INFORMASI SEPUTAR UNISMA MENGUNJUNGI www.unisma.ac.id

Kebiasaan seperti itu tak lepas dari gaya hidup kita yang rentan terseret dalam gaya hidup bercorak penahbisan kesenangan sesaat atau kepuasan duniawi. Kita memilih, meyakini, dan menikmati kalau apa yang kita lakukan mesti (akan) selalu mendatangkan kepuasan. Kita seret dan jerumuskan diri sendiri dalam opsi penahbisan gaya hidup yang sebatas menghadirkan kebahagiaan semu.

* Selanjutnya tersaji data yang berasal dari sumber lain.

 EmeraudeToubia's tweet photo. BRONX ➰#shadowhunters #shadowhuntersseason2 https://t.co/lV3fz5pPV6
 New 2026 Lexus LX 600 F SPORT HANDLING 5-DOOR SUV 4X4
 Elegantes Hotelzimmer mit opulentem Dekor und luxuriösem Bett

Gaya hidup seperti itulah yang disebut sebagai hedonisme. Siapapun pengikut dan pemujanya, apa itu anak usia dini, orang tua, komunitas artis, maupun eksekutif muda dan terpelajar, sepanjang gaya hidup demikian yang dikiblatinya, maka mustahil dalam perjalanan hidup yang dijalaninya, bisa menuai kedamaian, kebahagiaan, dan ketenangan.

Kesalahan orientasi atau kiblat gaya hidup hedonisme itu membuat kita menjadi sosok manusia yang muslim dalam identitas, namun mengidap ”kemiskinan” spiritualitas dalam realitas empirik. Kita kemana-mana menyandang identitas sebagai agamawan, namun dalam sikap dan perilaku, mengidap penyakit yang menihilitaskan esensi atau ”rukun” kehidupan sebagai umat beragama.

Kasus miras yang membunuh sebagian umat beragama itu sebagai salah satu contoh, yang seharusnya mengingatkan kita, bahwa miras dapat menjadi segmentasi kultural yang bukan hanya mampu membelokkan substansi atau ”rukun” kehidupan beragama (umat Islam), tetapi juga membuat dirinya mengidap amnesia kalau dalam kehidupan kesehariannya mempunyai Tuhan yang wajib diimaninya.

Puasa yang dihadirkan oleh Tuhan setiap bulan ramadan merupakan ”rukun” kehidupan untuk kembali menghidupkan agama dan tuhan dalam diri manusia. Manusia diingatkan, disadarkan, dan disentuh kepekaan batinnya, agar tidak selalu dan mutlak disirami oleh pesona hedonisme seperti miras, tetapi juga disirami oleh kekuatan (cahaya) spiritualitas.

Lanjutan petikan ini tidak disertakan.